=== YOUR TASK ===
Pictures excluded, retype the lines from the one containing "Ronaldo Fenômeno fez" through the last line of the data below, both included.

━━━ ENTRIES SHOWN

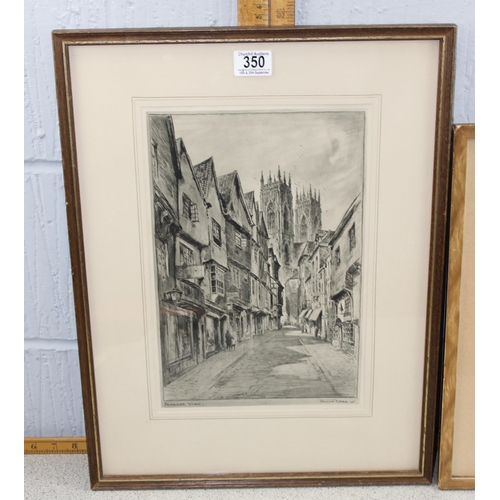 350 - 1950’s framed colour print of Lincoln Cathedral by Featherstone Robson and 
an early 20c etching/eng... 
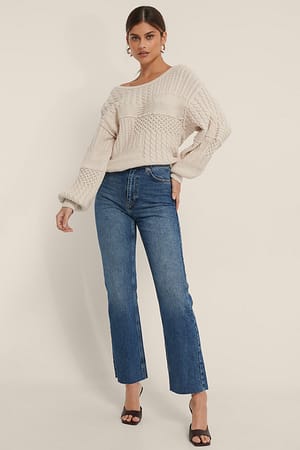 Mid Blue NA-KD Trend Jean droit taille haute à ourlet brut
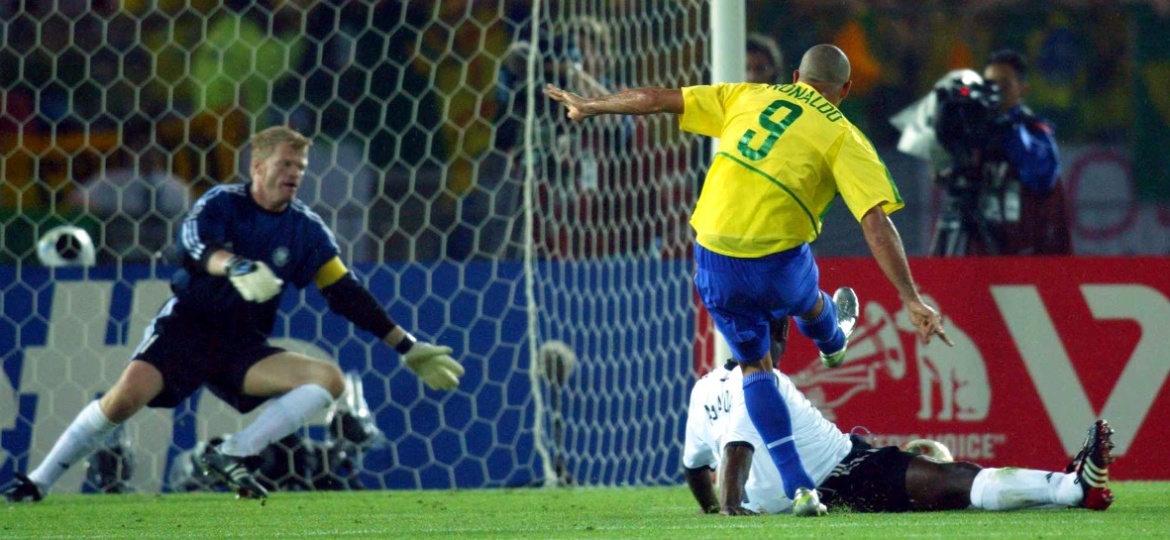 Ronaldo Fenômeno fez os dois gols do Brasil na final da Copa do Mundo de 2002, quando o Brasil conquistou o pentacampeonato mundial - Folhapress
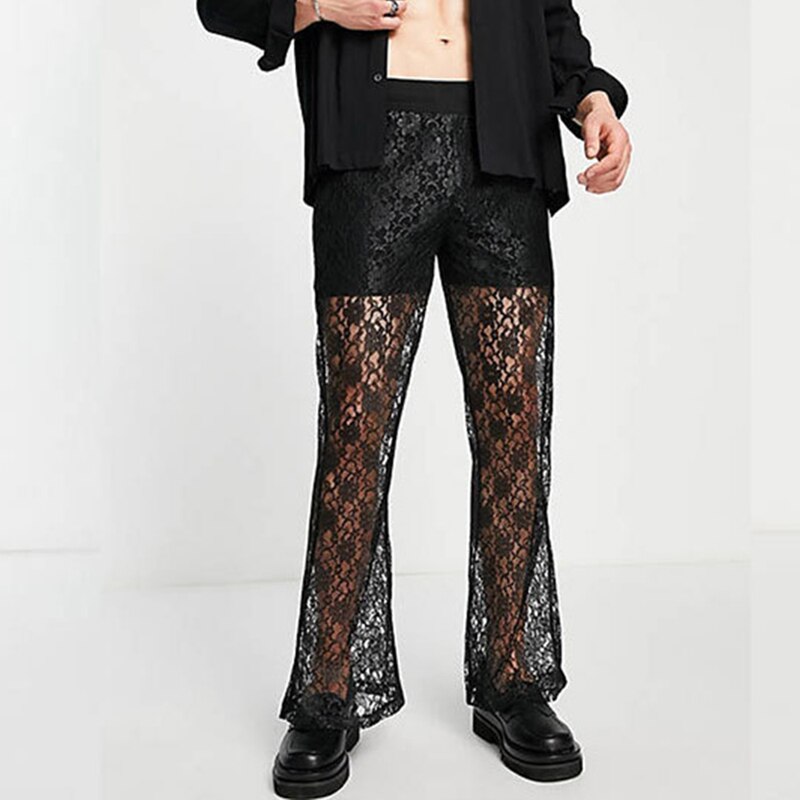 Black Flared Lace Trousers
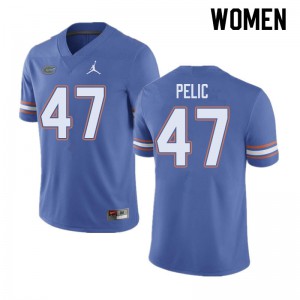 Women Jordan Brand Justin Pelic Blue Florida Gators #47 Official Jersey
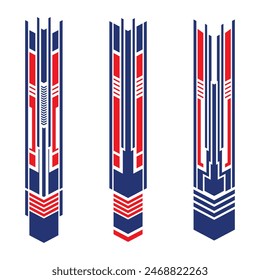 Set of vinyl car body wrap stickers geometric shapes techno abstract stripes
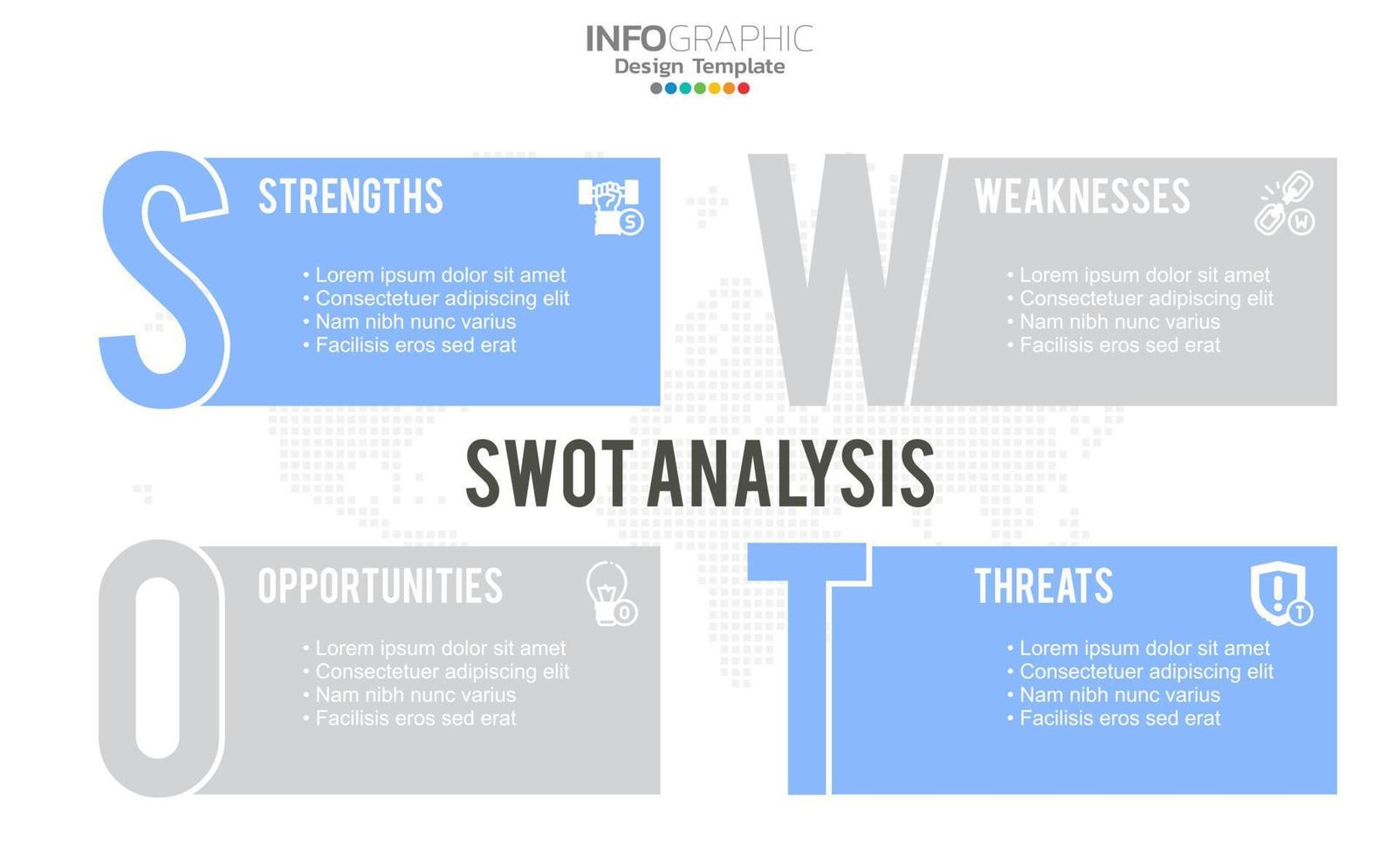 SWOT-analysis template or strategic planning technique. Infographic design with four elements template. vector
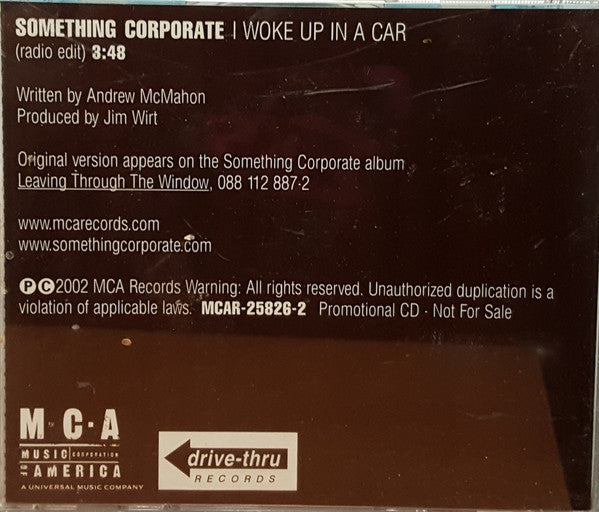 Something Corporate : I Woke Up In A Car (CD, Single, Promo)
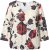 Ulla Popken Rose Print Faux Wrap Top Off-White - Tricouri - 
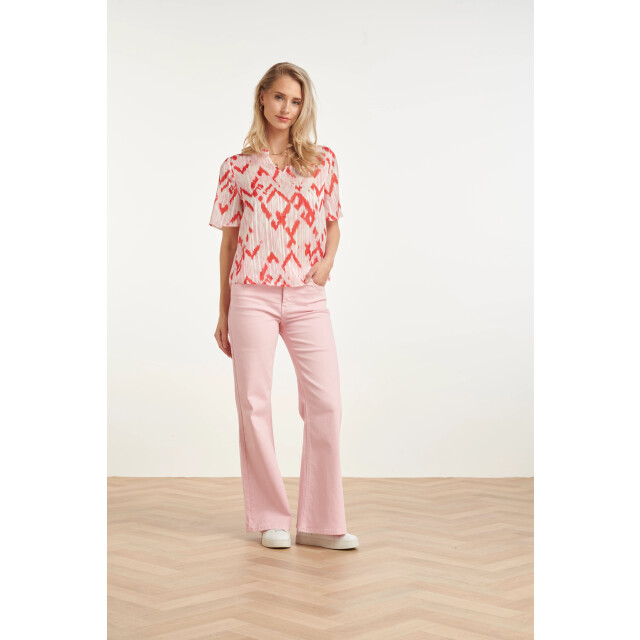 Smashed Lemon Dames top met grafische aztec print in roze en rood | 8718679006002 large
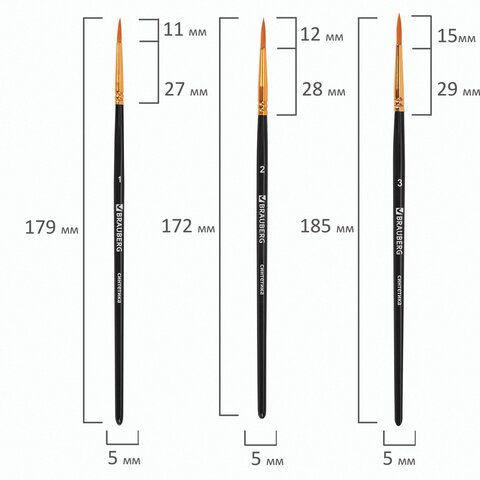 Кисти синтетика BRAUBERG, НАБОР 10 шт., черные (Круглые 2, 3, 4, 5, 8; Плоские 2, 5, 8; Лайнеры 1, 2/0)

━━━━━━

=== RESPONSE ===
 Ronaldo Fenômeno fez os dois gols do Brasil na final da Copa do Mundo de 2002, quando o Brasil conquistou o pentacampeonato mundial - Folhapress
 Black Flared Lace Trousers
 Women Jordan Brand Justin Pelic Blue Florida Gators #47 Official Jersey
 Set of vinyl car body wrap stickers geometric shapes techno abstract stripes
 SWOT-analysis template or strategic planning technique. Infographic design with four elements template. vector
 Something Corporate : I Woke Up In A Car (CD, Single, Promo)
 Ulla Popken Rose Print Faux Wrap Top Off-White - Tricouri - 
 Smashed Lemon Dames top met grafische aztec print in roze en rood | 8718679006002 large
 Кисти синтетика BRAUBERG, НАБОР 10 шт., черные (Круглые 2, 3, 4, 5, 8; Плоские 2, 5, 8; Лайнеры 1, 2/0)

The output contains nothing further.